The owl of Minerva spreads its wings only with the falling of the dusk (Hegel)
It is impossible to understand the meaning of something before it is over. And at dusk, it is hard to tell dogs - man’s best friends - from wolves. Considering the economic cycle which started in the early 70’s and ended in 2008, the sharing economy may be the next monster born out of reaganian economics. But let’s not forget that dated intellectual frameworks usually fail to predict the future. We are at dusk, remember? Old ways of thinking do not shed enough light on current economic and social problems. What happens next, no one can tell. Are Silicon Valley VCs currently being fooled into creating the embryo of a P2P economic paradigm, in which they will lose most of their influence? Or are the enthusiasts talking about empowerment being tricked into creating a new kind of serfdom? There is absolutely no way to know. In such cases, ancient Skeptic philosophers had an interesting way of proceeding: epochè, suspension of judgment.
If you cannot predict something with a reasonable amount of certainty, stop arguing endlessly about it and start acting towards the outcome you would like to see.
What do we do next?
It would then be dishonest from an intellectual standpoint to give this long article any kind of conclusion (epochè!). Instead, I will make two - in my own humble opinion - important remarks. First, we should avoid using the concept of a “sharing economy” as much as possible: it is tricky and raises the bar too high. It leads people to expect too much from new business models and their users. Of course it’s not really about sharing! Don’t expect any kind of moral revolution (historically, revolutions that want to change human nature end up badly). There is no such thing as pure altruism (come on, even early Christians who happily ran into the lion’s den seeking martyrdom thought their sacrifice would eventually be repaid a thousand times!). Men are both altruistic and egoistic, and that’s perfectly fine. That being said,
If you think it’s just aboutwinning in the collaborative economy, and that “sharing is the new buying”, you should probably think again.

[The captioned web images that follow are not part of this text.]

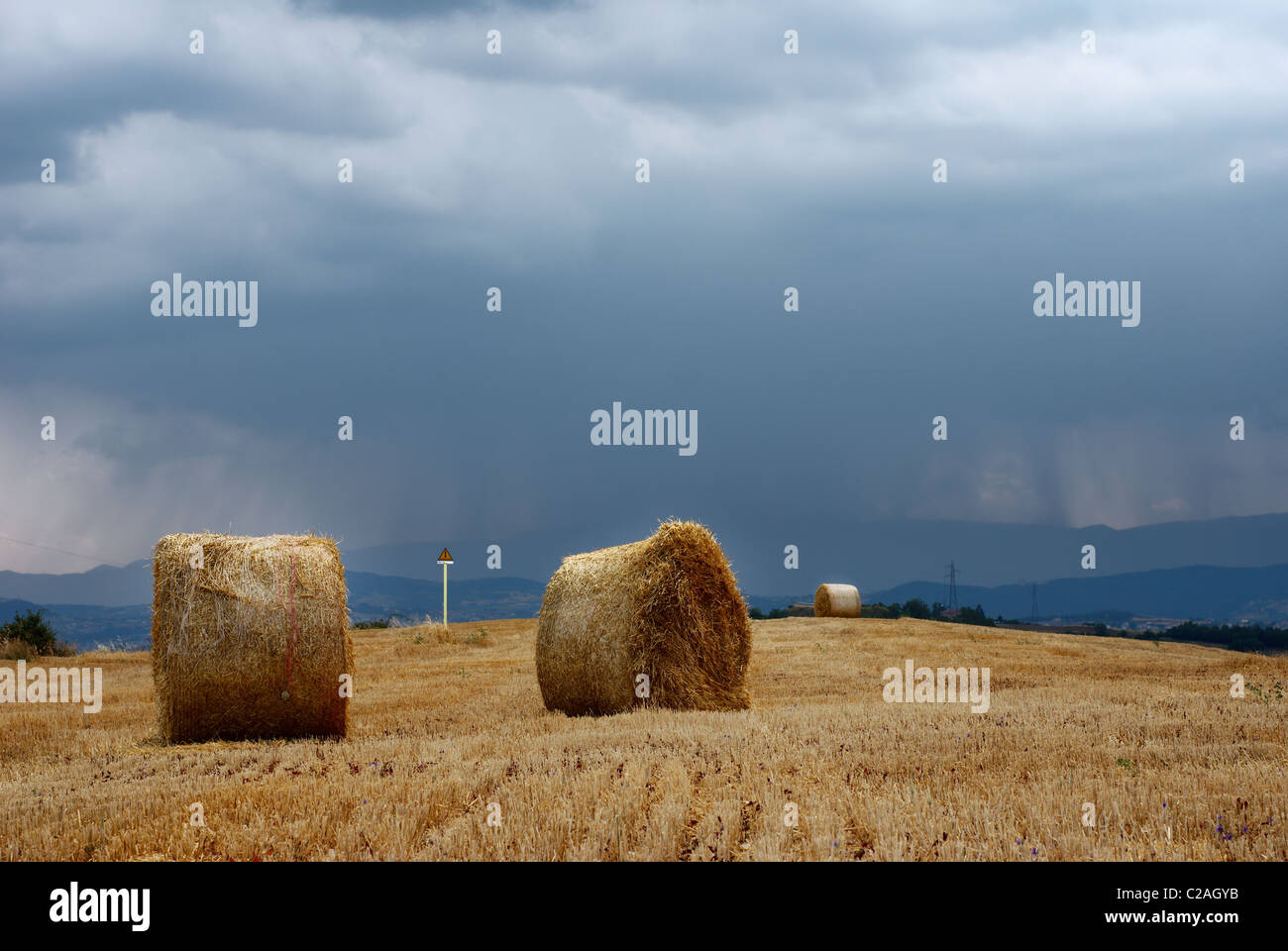 Straw bales in a field under moody sky Stock Photo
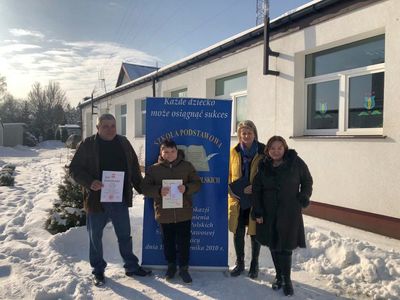 Wręczenie stypendium uczniowi z klasy VII ze Szkoły Podstawowej im. Noblistów Polskich w Niemicy. Chłopcu towarzyszy tata, wychowawczyni oraz dyrektor placówki. 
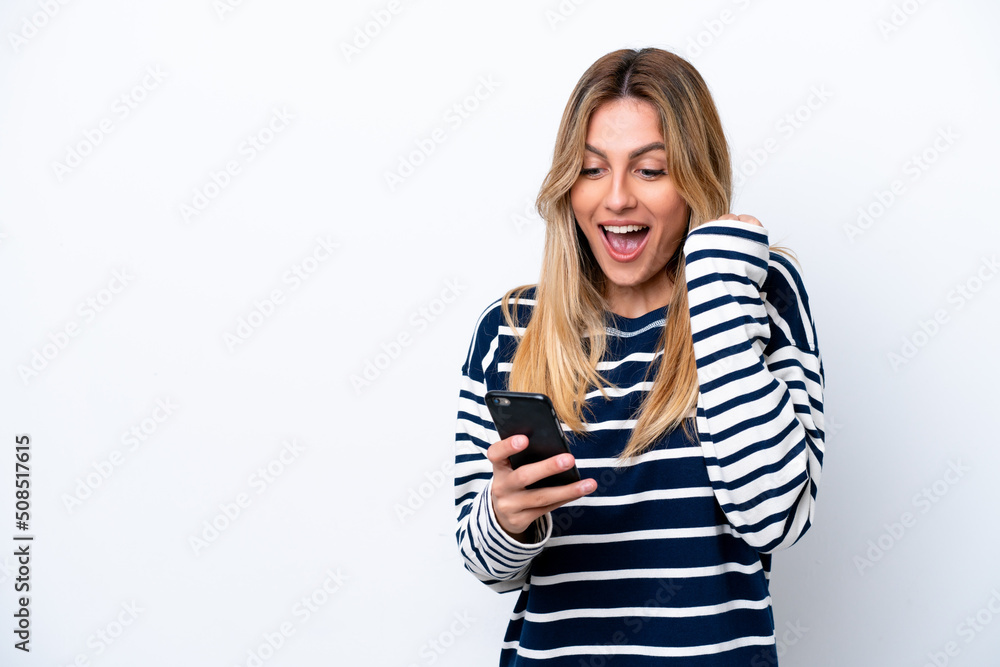 Young Uruguayan woman isolated on white background surprised and sending a message Young Uruguayan woman isolated on white background surprised and sending a message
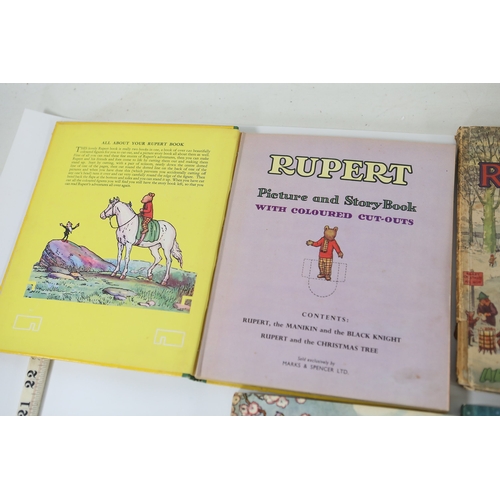 Collection of twelve Rupert annuals and booksA collection of twelve ...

Will big companies be able to face new competition from startups and win over new customers? If that is your main concern, you should probably stop talking about communities and peers. If the collaborative economy cannot help you solve our growing inequality problem, it should be of no interest to you. It’s not about protecting market share, it’s about building an economic paradigm that can make it to the 22nd century. Things will change no matter what, the only question is: how smoothly?